The feast is also called “Petelarovden” or “Ihtima”. It is mainly celebrated in the eastern part of Bulgaria for the good health of the small boys. The traditional customs followed that day have a strong connection to the legend of King Herod who killed the male infants in search of the newborn king (Jesus), but a mother painted the doors of all the neighborhood with the blood from the cut head of a rooster, thus forging the sign and saving the life of her own son.
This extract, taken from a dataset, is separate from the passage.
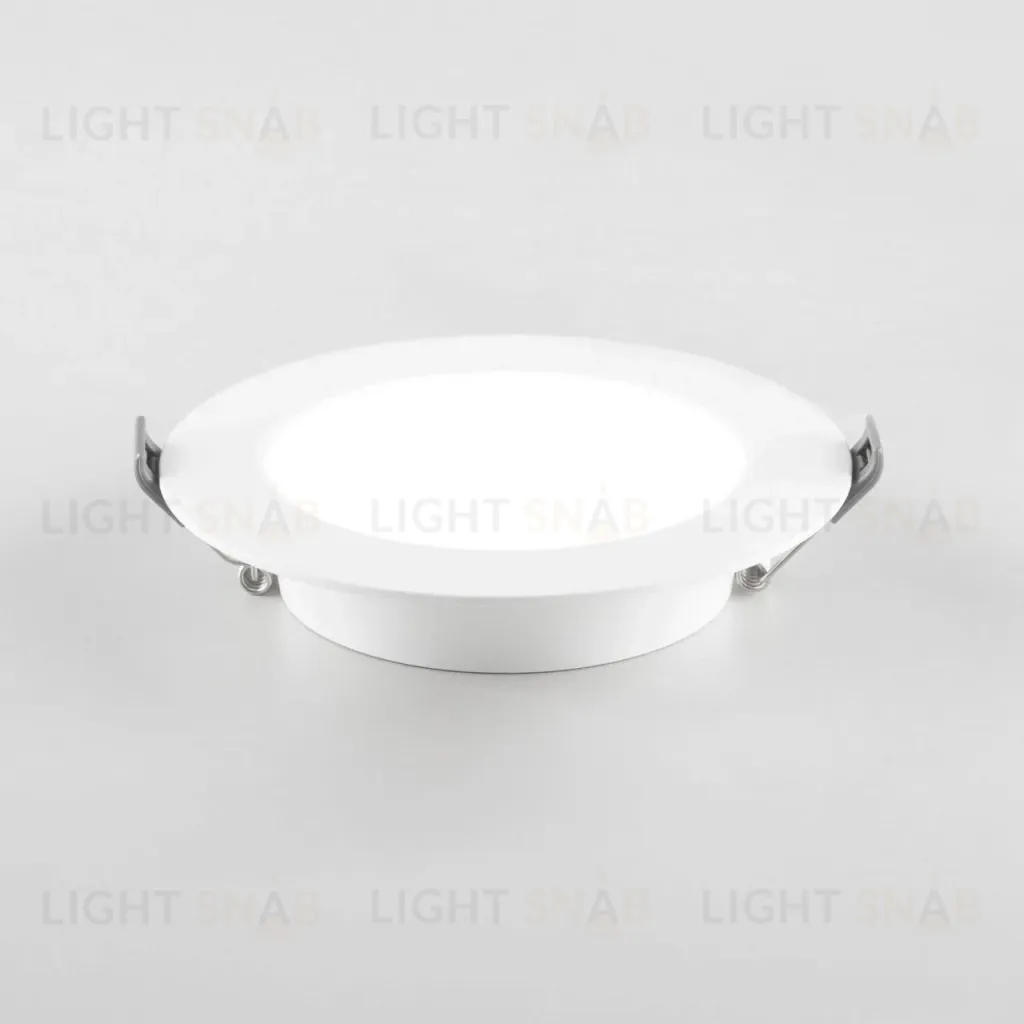Встраиваемый светильник Citilux Галс CLD5507N CLD5507N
The rooster in Christian and pre-Christian cultures is the image of the herald of sunrise. It is related to the notion of resurrection of the dead, a symbol of the ever-resurrecting life. On Petlyovden, a rooster is supposed to be votively slaughtered, usually at the threshold of the front gate, and its blood is sprinkled all over the gate for life and health. A sign of a cross is placed onto young boys’ foreheads with that blood. The rooster’s head is left at the gate; the legs are thrown onto the roof of the house, while the feathers are further kept as a special medicine or for ritual adornment.

A ritual meal of boiled rooster is prepared. Portions of it alongside with ring-shaped bread buns, broken in smaller pieces, are given away around the neighbourhood for health.

In the Plovdiv region, that feast day is known under the name of Cherna or Tsrun Day (meaning “Black day”). There is a large number of restrictions to be followed – women are not supposed to work that day, neither to bathe or getting married – otherwise they might “tsurneyat” (meaning “to mourn a close person who died”).